Lady Alexandra Mary Cecilia Caroline Paget (15 June 1913 – 22 May 1973) was an English socialite and actress.

==Early life and family==
Lady Caroline was born Lady Alexandra Mary Cecilia Caroline Paget on 15 June 1913. She was the eldest child of Charles Paget, 6th Marquess of Anglesey, and his wife, the former Lady Victoria Manners. Lady Caroline's mother was the daughter of Henry Manners, 8th Duke of Rutland.

== Career ==
During the 1930s, she was a notable British socialite, and a minor actress. She was beloved of the artist Rex Whistler, who painted numerous portraits of her, including a startling nude, which is on display at Plas Newydd, (the ancestral home of the Marquess of Anglesey). Lady Caroline Paget was the unrequited love of Elizabeth Parrish Starr. There are several references to her in the published journals of Edith Olivier and The National Screen and Sound Archive of Wales has footage of short films featuring Caroline and her sister Elizabeth, as well as other material. Writer Maureen Emerson also provides considerable information about Paget & Starr her in her book 'Escape to Provence'.

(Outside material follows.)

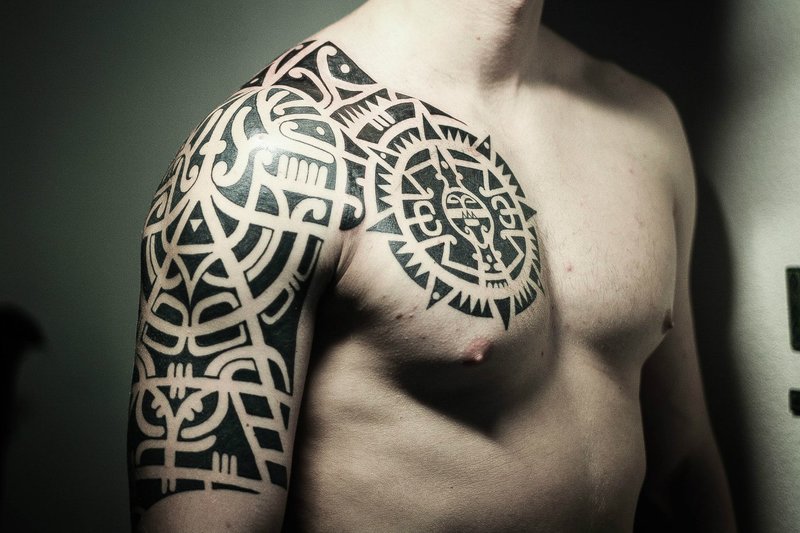 Blackwork Rameno Tetování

== Personal life and death ==
On 14 July 1949, Lady Caroline married Sir Michael Duff, 3rd Baronet, becoming his second wife. Lady Caroline was at the time, according to James Lees-Milne, diary 9 October 1949, pregnant, the father being Duff Cooper - her uncle by marriage. This pregnancy ended in a stillbirth. The Duffs subsequently adopted a son, Charles David Duff (b. 1950), who became a theatre historian.

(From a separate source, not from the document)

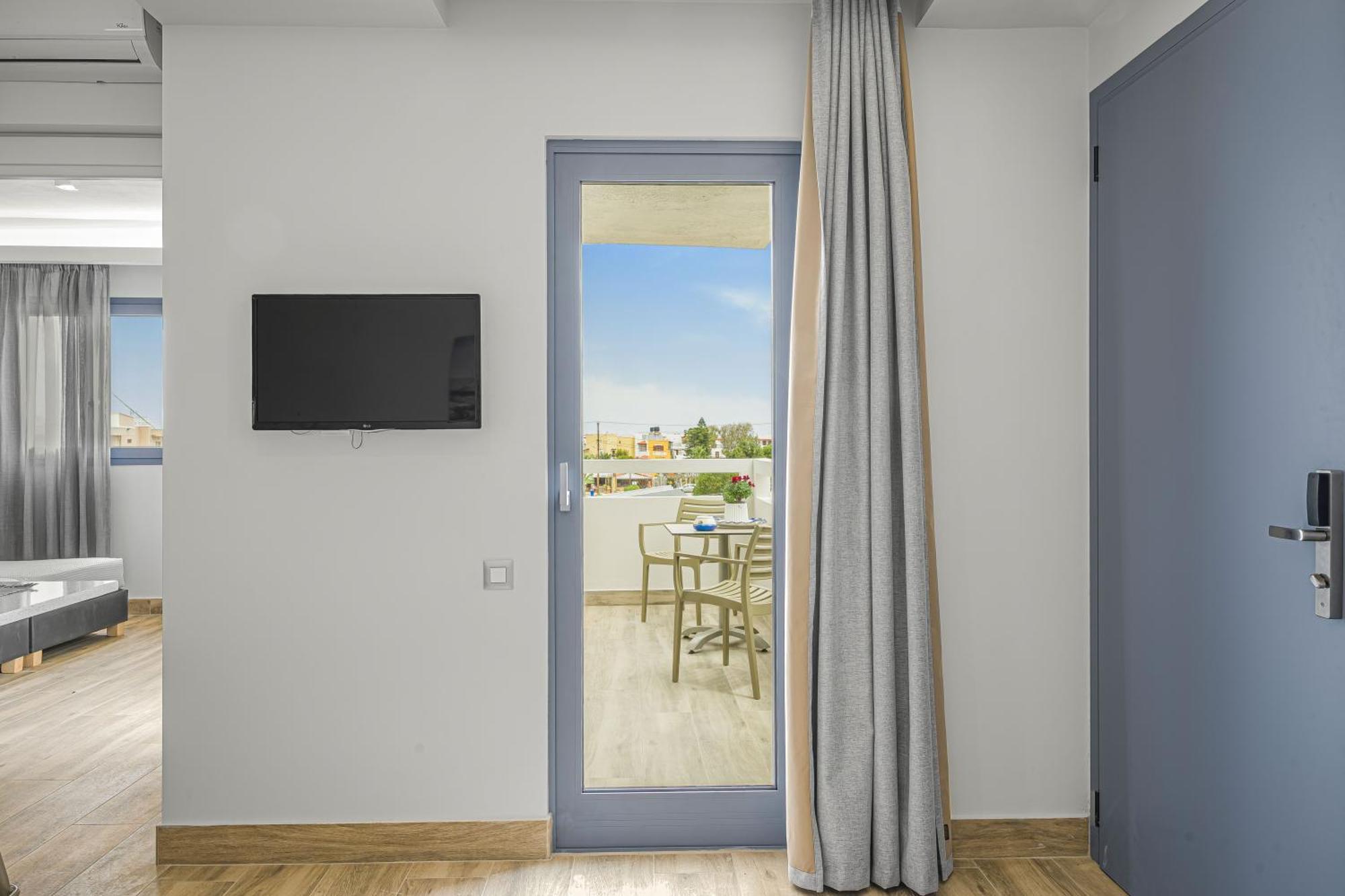 Sergiani Garden Hotel Apartments Stalida エクステリア 写真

A documentary screened on BBC Two Wales in 2005 (Faenol: Secrets Behind the Wall) featured Charles Duff discussing his childhood, the bisexuality of his adoptive parents, their marriage of convenience, and the details of his parentage. He did not inherit the estate, and when it was sold all the records were burnt, so compounding the mystery. In another interview for the BBC ("Wall Of Silence", BBC Wales website) Charles said of Vaynol: "It was a place of great conviviality and energy and joy". However, by the time Charles was in his teens, Sir Michael had come to believe that his second marriage and the adoption of his son had been grave errors, and according to Charles Duff, "he started to demonise both my mother and myself". Although appearances were maintained, neither could then do much right in Sir Michael's opinion. By this time the house and estate were also in decline. (Prior to the Second World War there had been 17 gardeners.) Her first cousin once removed Henry Paget, 5th Marquess of Anglesey, was also assumed to be homosexual.

Lady Caroline Duff died on 22 May 1973, at the age of 59.